Step 9: Track whether AI engines actually cite the page

Markup shipped is not the finish line. FAQ schema for AI citations only pays for itself if you measure it, because otherwise you are guessing about the only outcome you care about.

Pick a fixed set of the questions your buyers actually ask. Run them across ChatGPT, Perplexity, Gemini, Claude, and Google AI Mode on a schedule, not once in a panic. Record which URLs get cited. Then look for FAQ pages that should be showing up and are not, and treat those as your next batch of work.

Be patient with the clock. For Google Search, indexing usually happens within days of a crawl. For the answer engines, refresh cadence is opaque and none of them publish a timeline. Assume weeks, and do not rewrite the page in week one because nothing moved.

Doing this by hand across five engines gets old fast, which is the gap DeepSmith's AI visibility tracking is built for: you define the prompts, it checks them on a schedule and reports mention rate, citation rate, and which of your pages are actually being cited. It tracks what engines do; it does not control or guarantee citations, and no honest tool will tell you otherwise.

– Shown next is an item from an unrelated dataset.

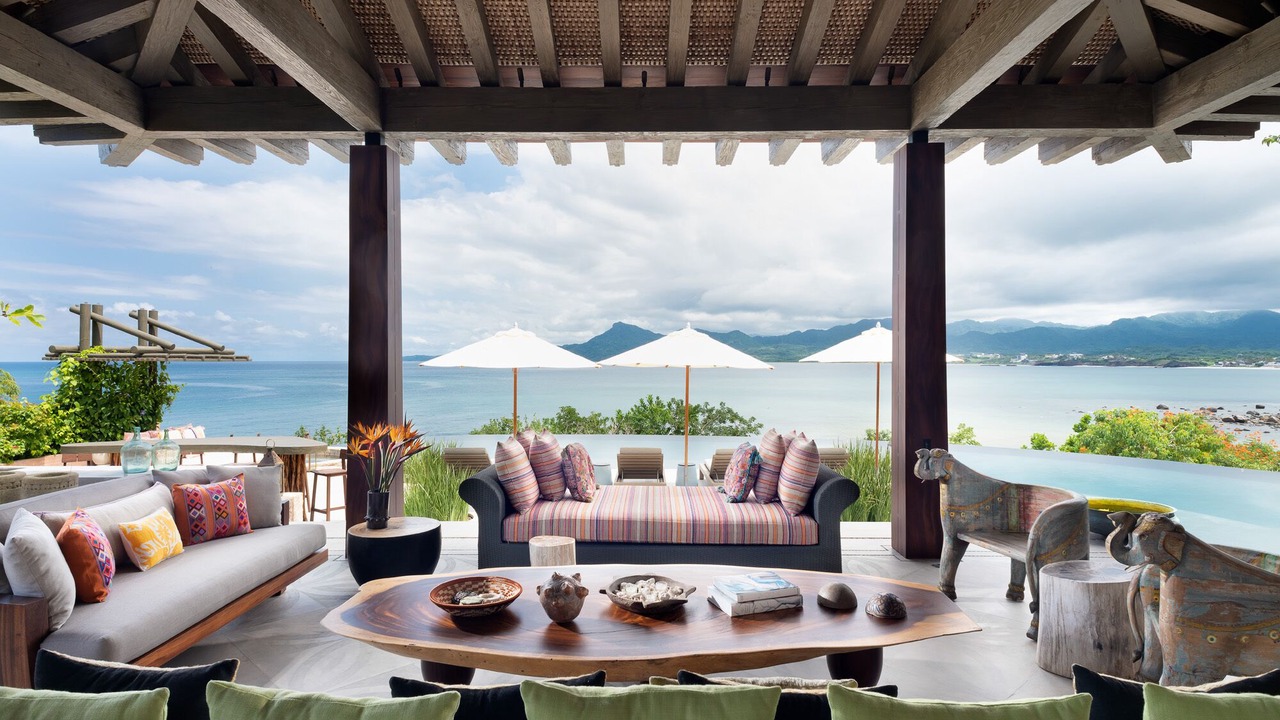 Photo of Patio Balcony in Bucerias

How you know this step is done: you have a repeating check and a short list of pages that deserve citations but are not getting them.

What to do next

You now know how to add FAQ schema that validates, and roughly what it is worth. The harder part is the habit, so keep the first pass small.

Pick one page. Your pricing FAQ or your product FAQ is usually the best first choice, because the questions are already written and the buyer intent is already there.

Work Steps 2 through 7 on that single page this week. Ship it, validate it, then add it to your tracked prompts and leave it alone for a month.

Then do the next one. Momentum matters more than a perfect rollout across forty pages, and a small first step you finish beats a big plan you abandon.

If the tracking and the production around all of this is what keeps stalling, that is the problem DeepSmith works on: seeing where you show up in AI answers, finding the gaps, and producing the on-brand content that closes them. You can start a free trial and look at real data on your own pages before you decide anything.

Frequently asked questions

Does FAQ schema help content get cited in AI answers?

No AI vendor has published documentation confirming a special parser for FAQPage JSON-LD. Practitioner reports describe higher citation rates for FAQ-formatted content, but they do not isolate the JSON-LD from the visible Q/A structure, so causation is not established. Treat the schema as a packaging format, not a citation switch.

Is FAQPage schema still valid in 2026?

Yes. FAQPage remains an active Schema.org type and Google continues to parse it. The visible FAQ accordion in Google search results was restricted to authoritative government and health sites in August 2023, and the feature is no longer shown in Google Search as of May 2026. The schema type and the SERP feature are different things.

What is the difference between FAQPage and QAPage?

FAQPage is for curated Q/A lists where each question has a single canonical answer that you wrote. QAPage is for a single primary question with many competing user-submitted answers, like a forum thread. Use FAQPage for any standard FAQ.

Can I put multiple FAQPage blocks on one page?

It is not recommended. Multiple blocks appear in the wild, but parsers commonly treat them as conflicting. Combine everything into one FAQPage block with multiple Question entries.